On Sunday, there will be a party there with a potluck and a blessing by the church’s pastor, Sue Coller.
“We’ve never officially dedicated the garden,” Coller said Friday. “We wanted to celebrate the gardeners, celebrate the commitment of the congregation and celebrate the neighborhood we live in.”
You can see the Capitol from the big, brick church on the corner with its gleaming bronze steeples. You can see apartment complexes and cars zipping toward downtown.
You can look across that busy street and see the 30 raised beds that fed gardeners from around the globe this summer. And the half-painted picket fence that surrounds the garden where those houses once stood.
I went to visit Friday, cherry tomatoes on dying vines, fall lettuce sprouting, the last hot peppers waiting to be plucked, garden hoses tucked away, a wheelbarrow leaning on the gate.
I walked past the two-story house next door with its big front porch and a sign in the yard: DRIVE LIKE YOUR KIDS LIVE HERE.
Think about that sign. Think about what would happen if we all did that. Drive Lincoln’s streets like our kids were playing in the front yards we pass. Care for every corner of our city like it was our own.

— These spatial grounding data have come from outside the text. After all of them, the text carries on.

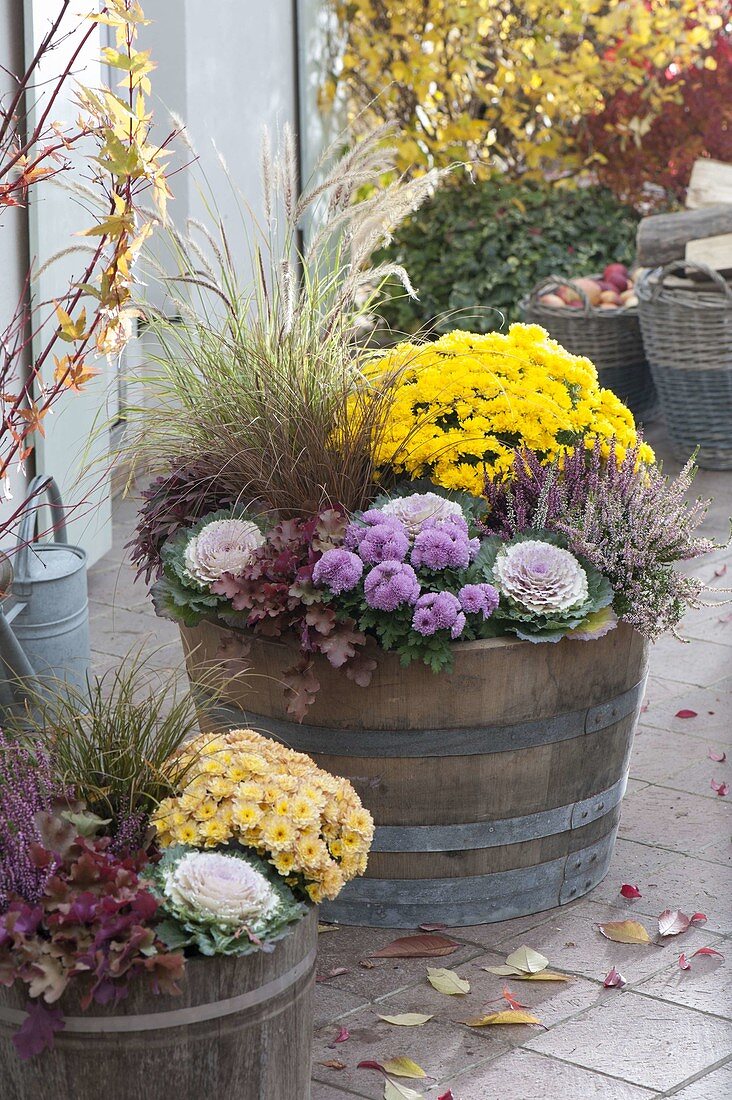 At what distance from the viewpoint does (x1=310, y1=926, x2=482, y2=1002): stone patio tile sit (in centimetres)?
269

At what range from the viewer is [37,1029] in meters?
1.79

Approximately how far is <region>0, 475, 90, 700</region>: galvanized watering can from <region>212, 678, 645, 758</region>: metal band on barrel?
0.60m

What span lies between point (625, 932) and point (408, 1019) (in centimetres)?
56

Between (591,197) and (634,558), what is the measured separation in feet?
18.4

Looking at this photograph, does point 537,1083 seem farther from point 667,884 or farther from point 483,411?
point 483,411

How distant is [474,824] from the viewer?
2775mm

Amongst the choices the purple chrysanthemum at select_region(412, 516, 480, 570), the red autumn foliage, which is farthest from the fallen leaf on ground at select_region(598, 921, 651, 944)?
the red autumn foliage

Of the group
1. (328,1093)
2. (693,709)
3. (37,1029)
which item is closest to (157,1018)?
(37,1029)

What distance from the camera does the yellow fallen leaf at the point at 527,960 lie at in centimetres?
273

First Presbyterian has had a home here for 150 years, one of Lincoln’s oldest.
Pat Carrier was baptized in this church nearly 70 years ago. She lived in a red-brick apartment building down the street when she was small. And she’s like many of the church’s longtime members — gone from the neighborhood but still devoted to this place.
A decade ago, when other churches in the city core were contemplating moves to the edges, her church doubled down on its commitment to its diverse neighborhood in the shadow of downtown.
“I think being in the Near South, our church feels very strongly that we need to have a presence in the community and serve in any way we can,” Carrier said.
It opens its doors for a weekly food pantry and English classes held by Lincoln Literacy and Southeast Community College. There are A.A. meetings here and a Sudanese service on Sunday afternoons.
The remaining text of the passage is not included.